> [Exercise] Through the last line of the entries, please copy every line exactly, starting with the one that contains "this 1040×780 image.".

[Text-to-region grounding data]
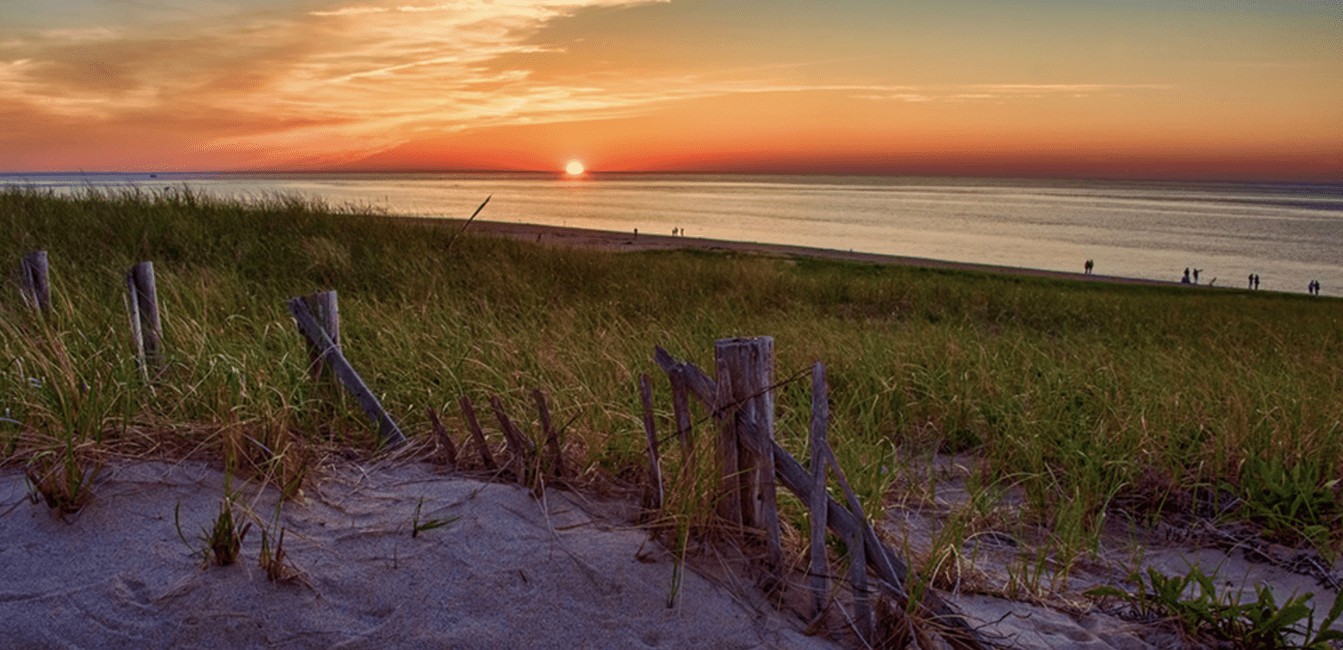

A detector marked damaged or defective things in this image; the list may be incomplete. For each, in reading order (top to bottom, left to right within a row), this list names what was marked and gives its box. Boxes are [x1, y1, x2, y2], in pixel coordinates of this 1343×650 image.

broken fence slat [287, 298, 402, 445]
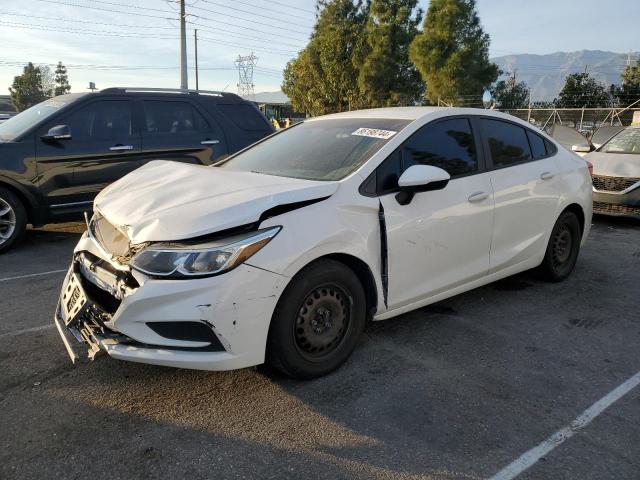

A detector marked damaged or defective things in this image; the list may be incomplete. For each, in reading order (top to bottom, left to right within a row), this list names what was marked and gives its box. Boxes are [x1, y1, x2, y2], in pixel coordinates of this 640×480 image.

crumpled front bumper [55, 232, 290, 372]
dented hood [94, 160, 340, 244]
torn fender liner [94, 160, 340, 244]
damaged white car [53, 107, 592, 376]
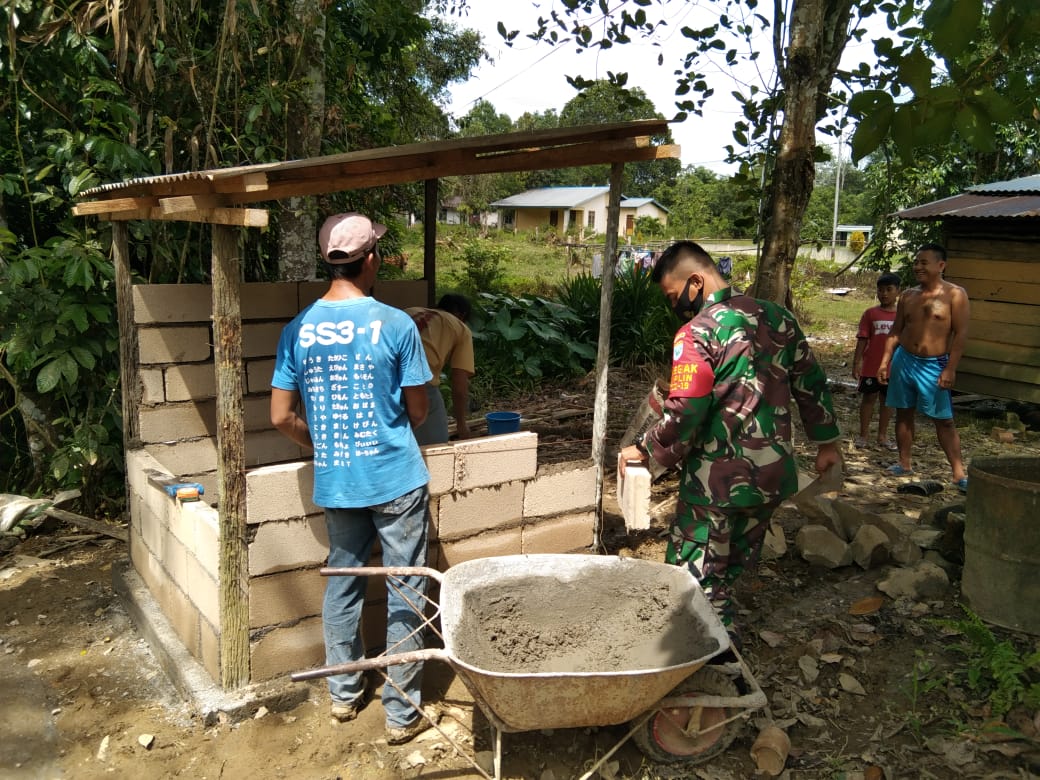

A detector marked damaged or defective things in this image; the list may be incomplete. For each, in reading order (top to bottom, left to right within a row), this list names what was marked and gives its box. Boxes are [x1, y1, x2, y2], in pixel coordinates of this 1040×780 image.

rusty metal shed [71, 122, 673, 690]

> [Reply to the exercise]
A detector marked damaged or defective things in this image; the list may be incomplete. For each, in reading order (top to bottom, left to right within a row), this list names what was marked and gives its box. Boxes are [x1, y1, x2, y2], in pixel coordinates of this 1040×780 image.

rusty metal shed [71, 122, 673, 690]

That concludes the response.